*Material provided*

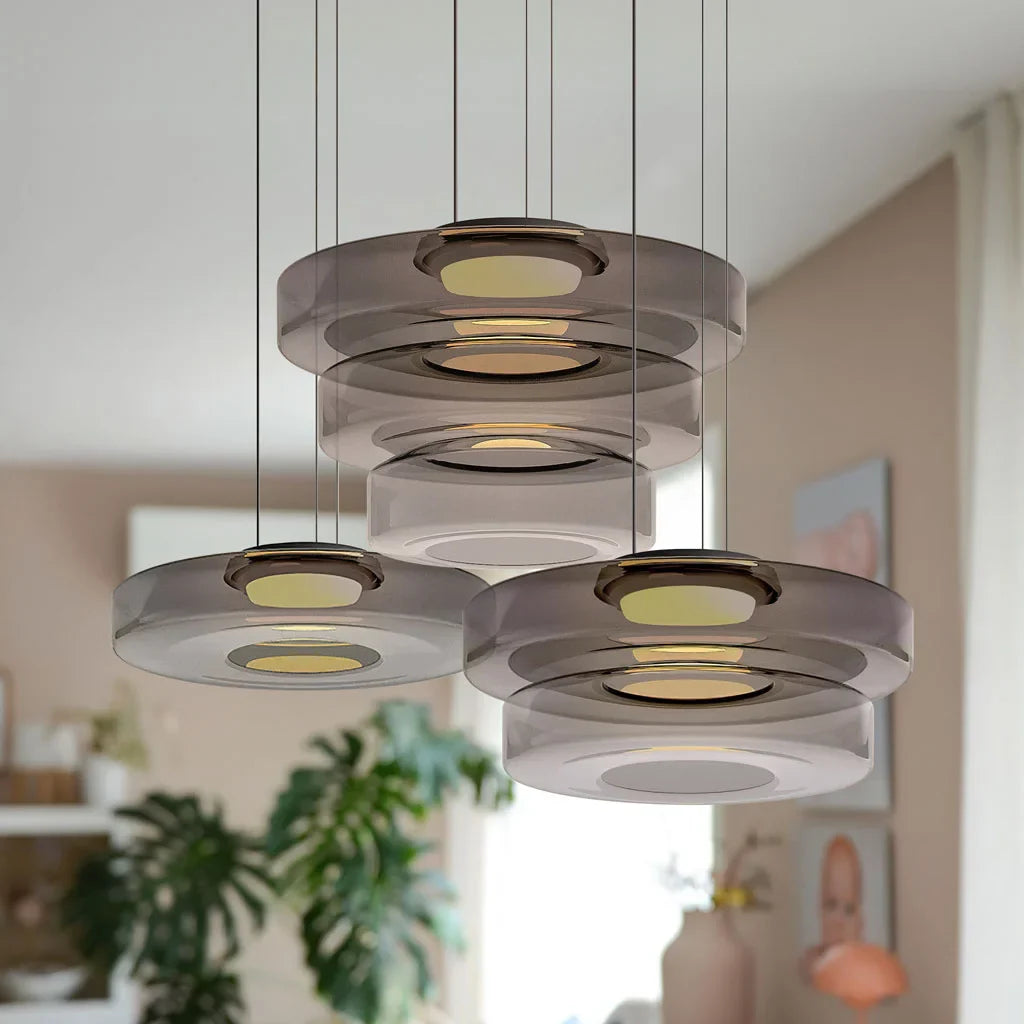 Jonas Creatieve Glazen Hanglamp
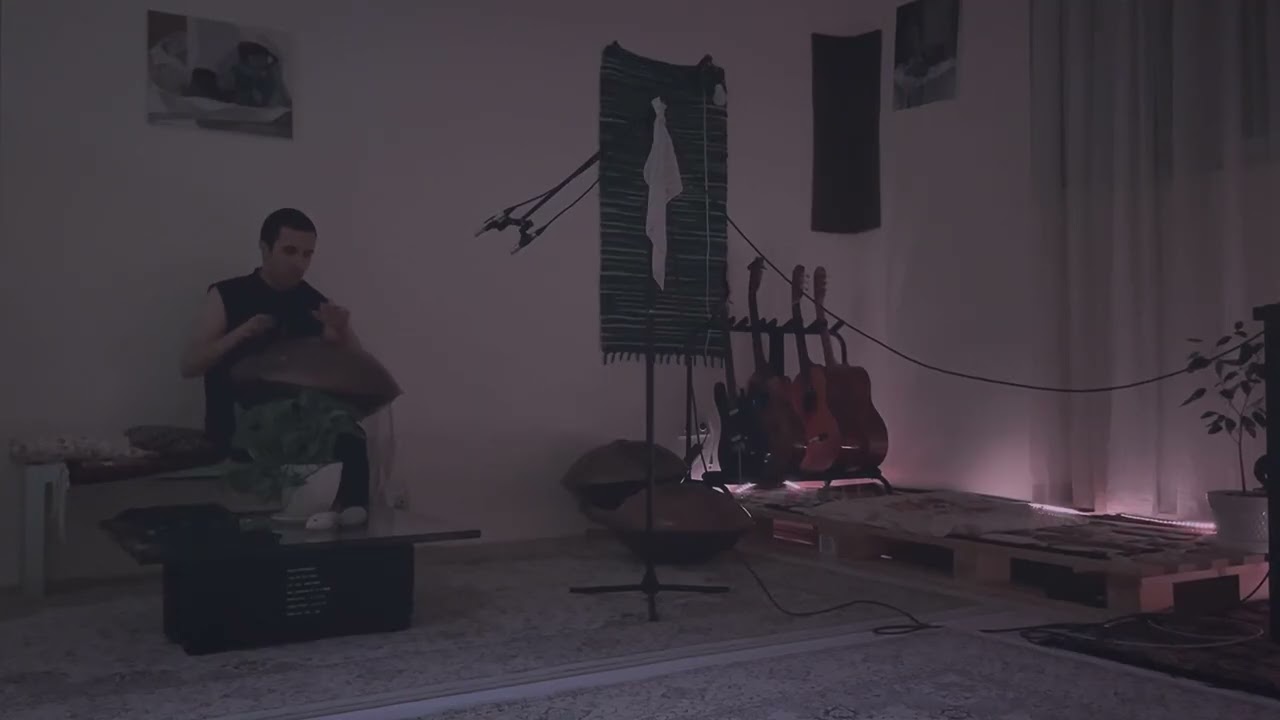 Where Angels Suffer | Deep Emotional Handpan (E Amara 20) | Cinematic Ambient Tribute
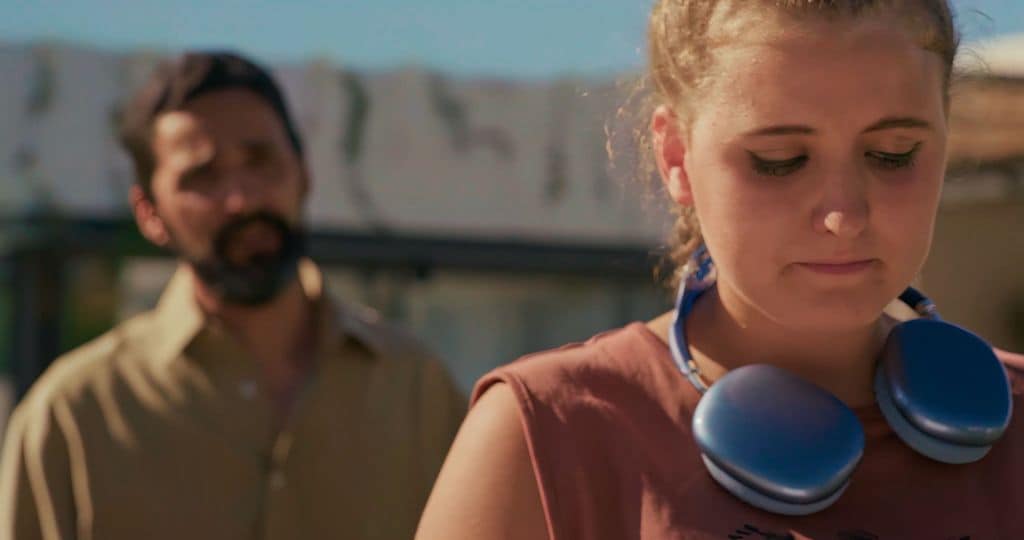 Diferentes momentos de la película 'Más Cinco'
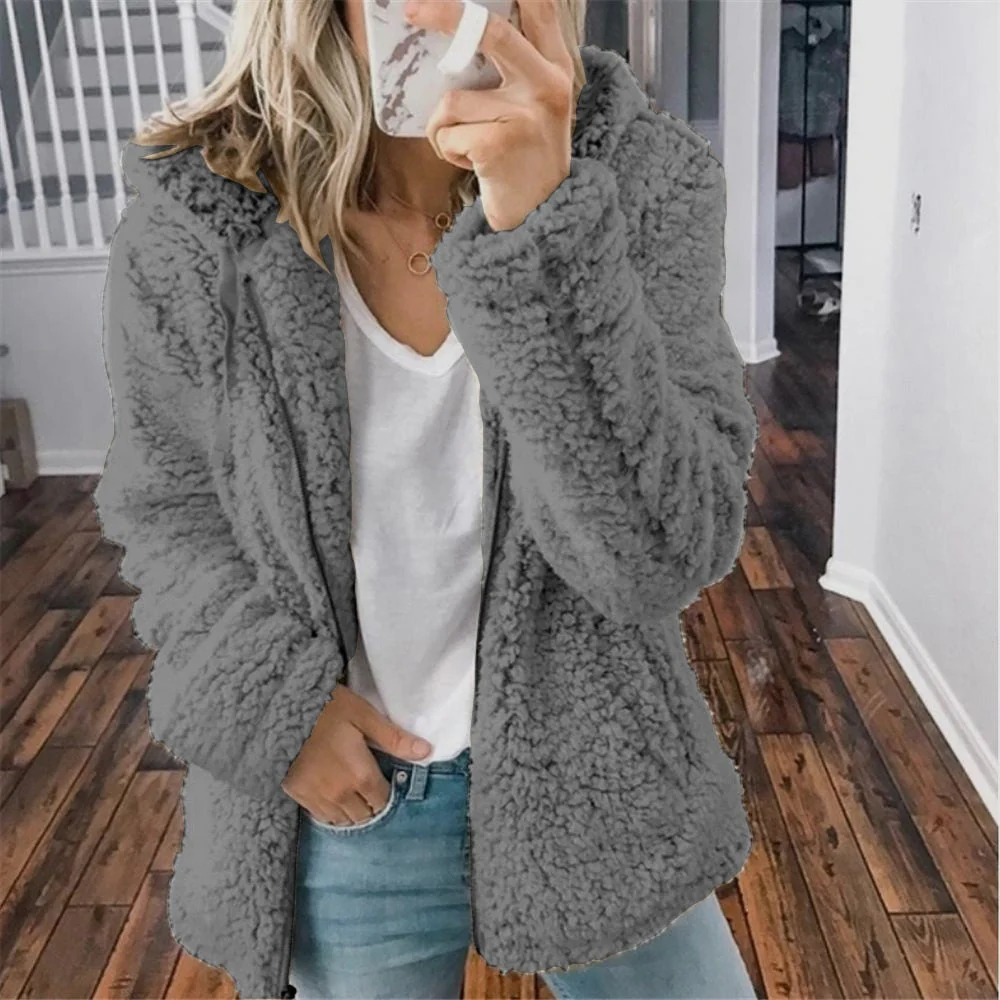 Marie | Veste d'hiver courte pour femme | Chaude - Image 12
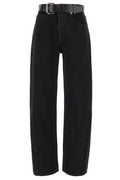 Alexander Wang Belted Wide-Leg Jeans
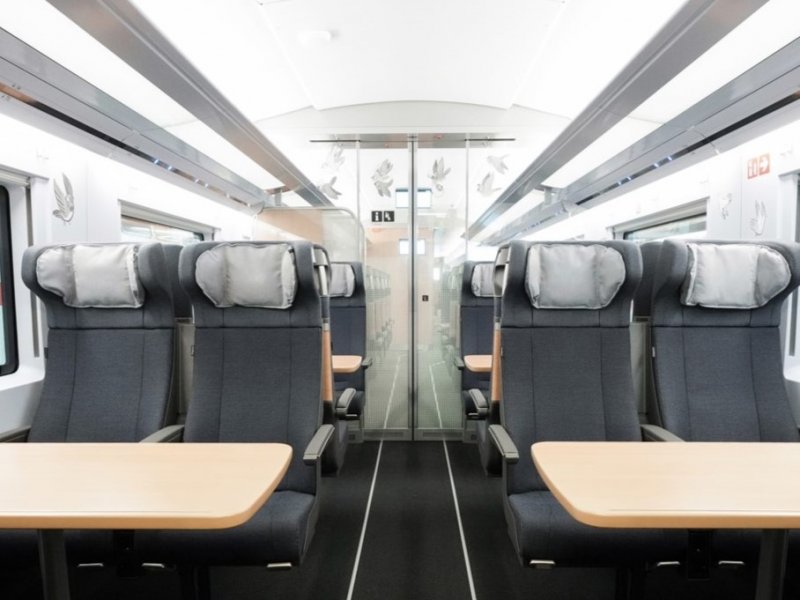 Deutsche Bahn presenteert nieuw ICE interieur
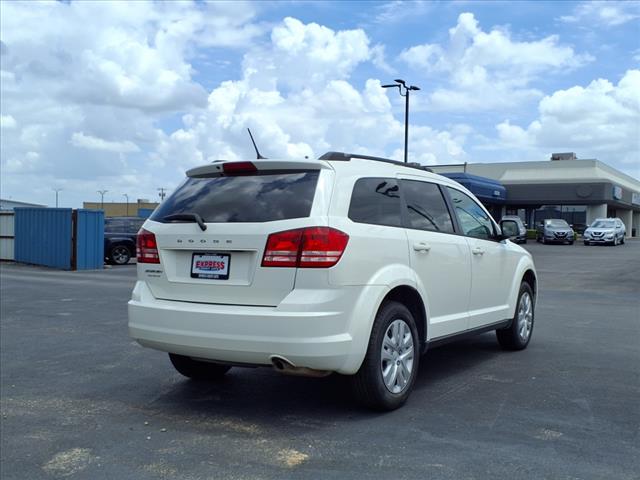 2017 Dodge Journey 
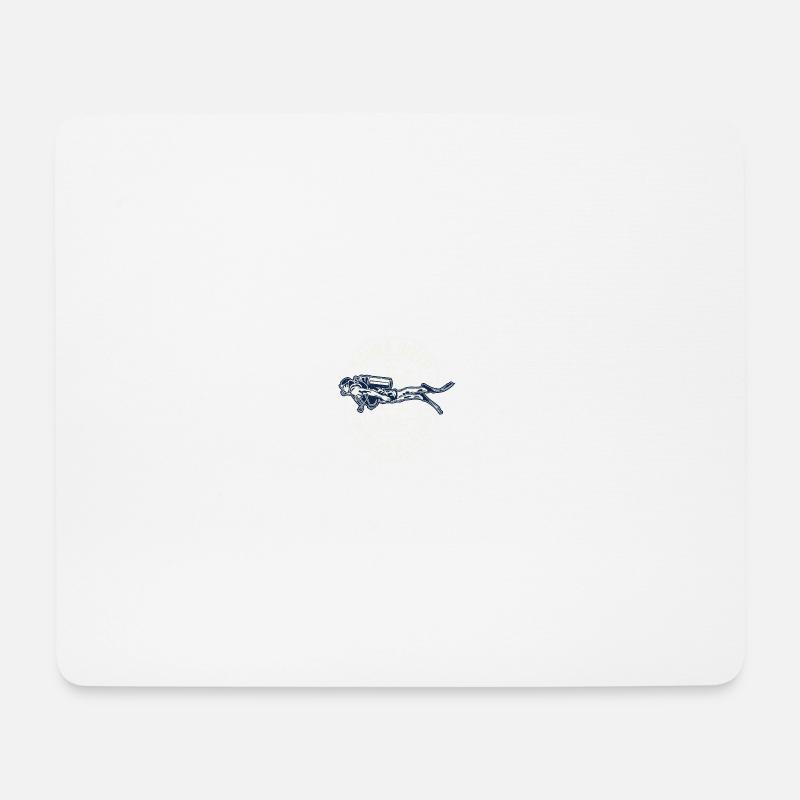 Wassersport - Mousepad (Querformat) - Weiß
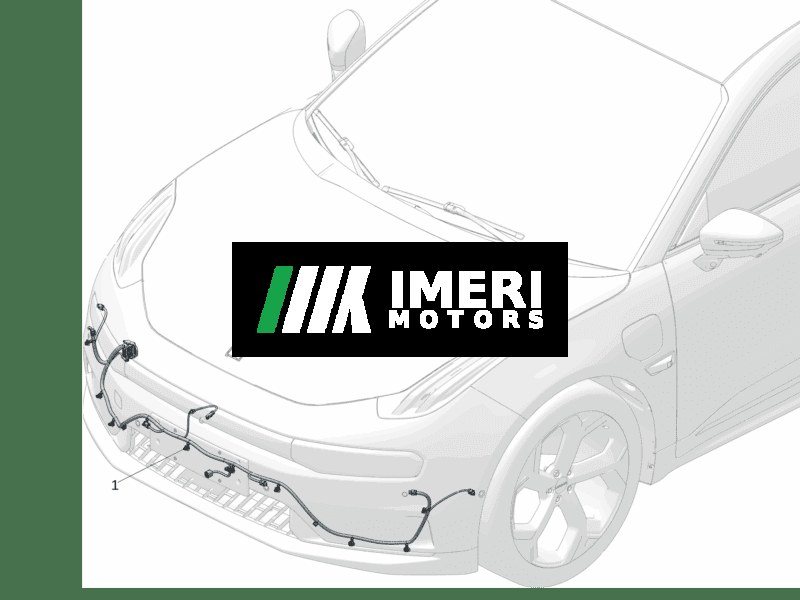 Front Bumper Harness - ZEEKR 7X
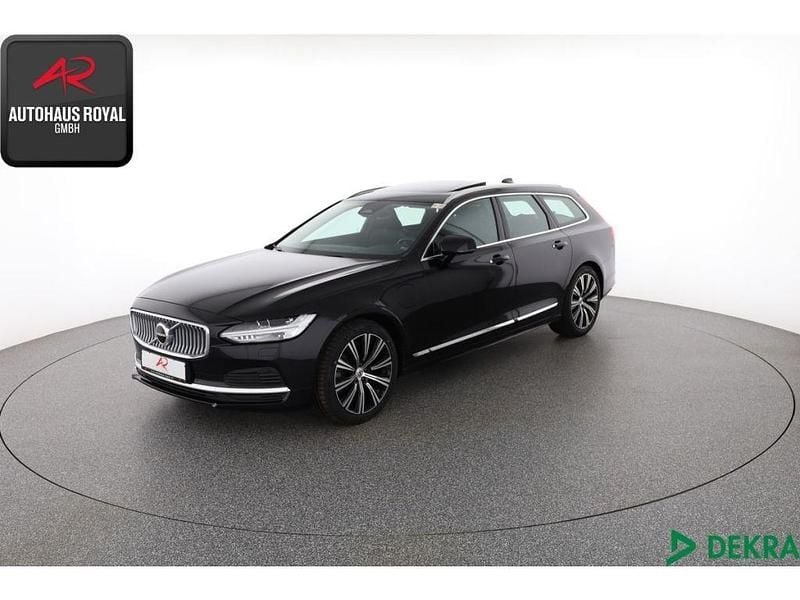 Schwarz (metallic) Gebraucht 2022 Volvo V90 Kombi | 34.779 € (Guter Preis) - Bild 1/4
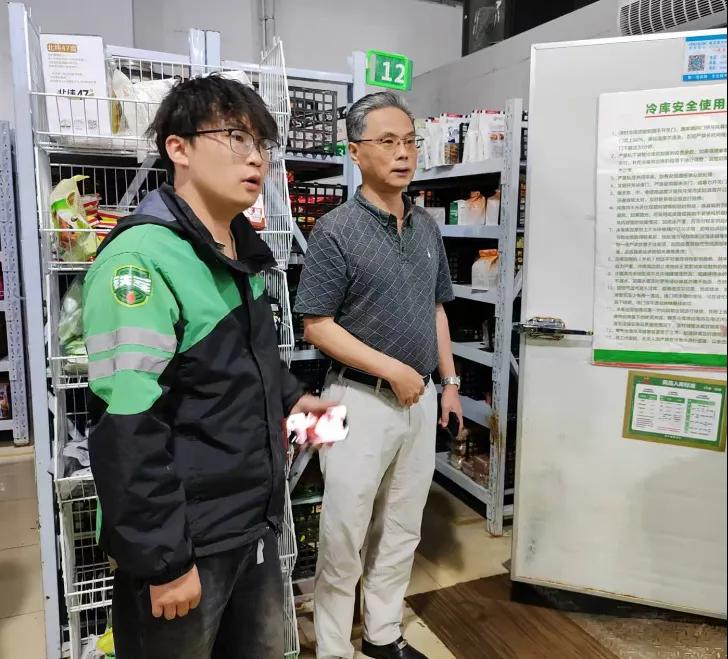 【平安长海】长海路街道持续开展冷库安全大检查行动
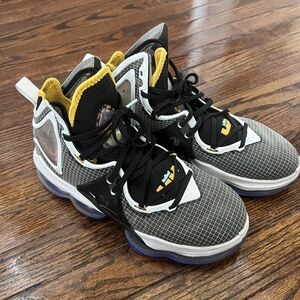 Nike Lebron 19 Hardwood Classic 10.5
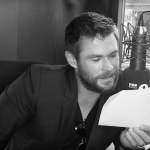 Chris Hemsworth's hilariously dramatic recitation of 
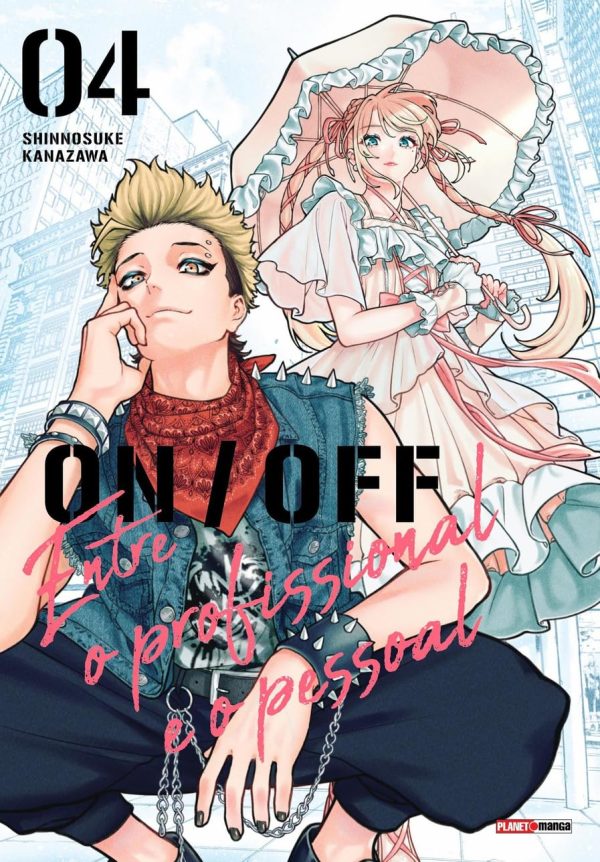 Panini : Entre o Profissional e o Pessoal : On / Off Vol. 04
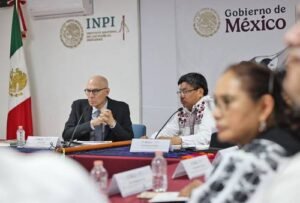 Mañana recibe a Sheinbaum al alto comisionado en Palacio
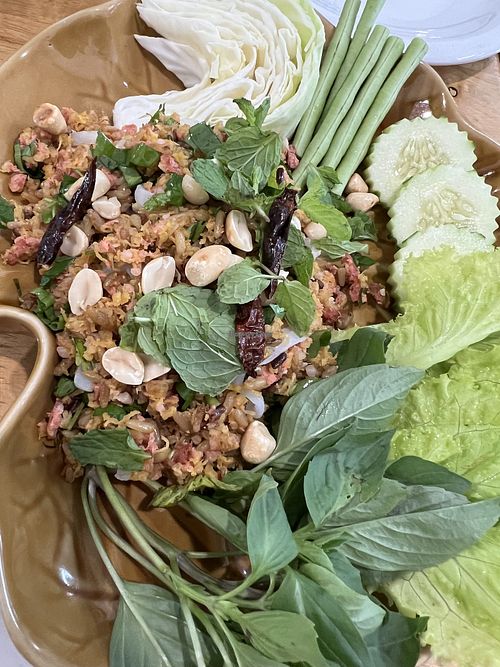   at Veggie Chef in Bangkok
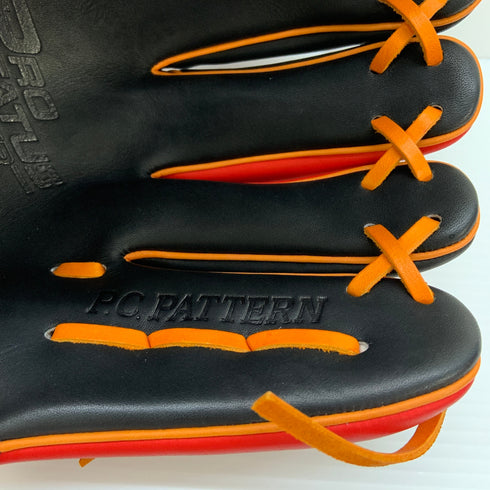 ゼット ZETT プロステイタス PROSTATUS 軟式 大人 一般 内野手用 グローブ グラブ 右投げ オーダー 中古品 野球 8645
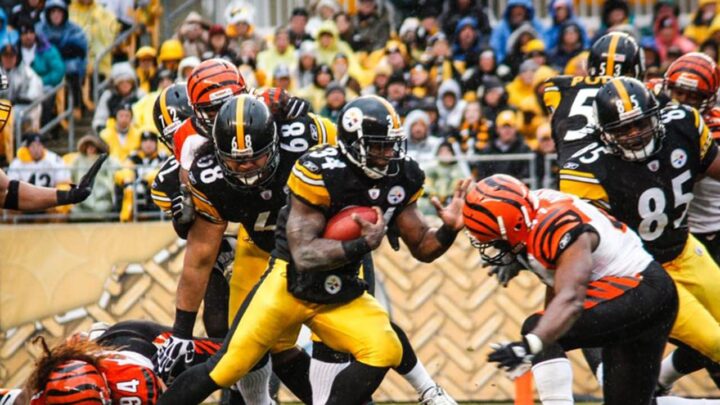 Steelers se imponen ante Bengals con dramatismo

*Your instructions*
Pictures excluded, quote all the data above exactly.

*Task answer*
 Jonas Creatieve Glazen Hanglamp
 Where Angels Suffer | Deep Emotional Handpan (E Amara 20) | Cinematic Ambient Tribute
 Diferentes momentos de la película 'Más Cinco'
 Marie | Veste d'hiver courte pour femme | Chaude - Image 12
 Alexander Wang Belted Wide-Leg Jeans
 Deutsche Bahn presenteert nieuw ICE interieur
 2017 Dodge Journey 
 Wassersport - Mousepad (Querformat) - Weiß
 Front Bumper Harness - ZEEKR 7X
 Schwarz (metallic) Gebraucht 2022 Volvo V90 Kombi | 34.779 € (Guter Preis) - Bild 1/4
 【平安长海】长海路街道持续开展冷库安全大检查行动
 Nike Lebron 19 Hardwood Classic 10.5
 Chris Hemsworth's hilariously dramatic recitation of 
 Panini : Entre o Profissional e o Pessoal : On / Off Vol. 04
 Mañana recibe a Sheinbaum al alto comisionado en Palacio
   at Veggie Chef in Bangkok
 ゼット ZETT プロステイタス PROSTATUS 軟式 大人 一般 内野手用 グローブ グラブ 右投げ オーダー 中古品 野球 8645
 Steelers se imponen ante Bengals con dramatismo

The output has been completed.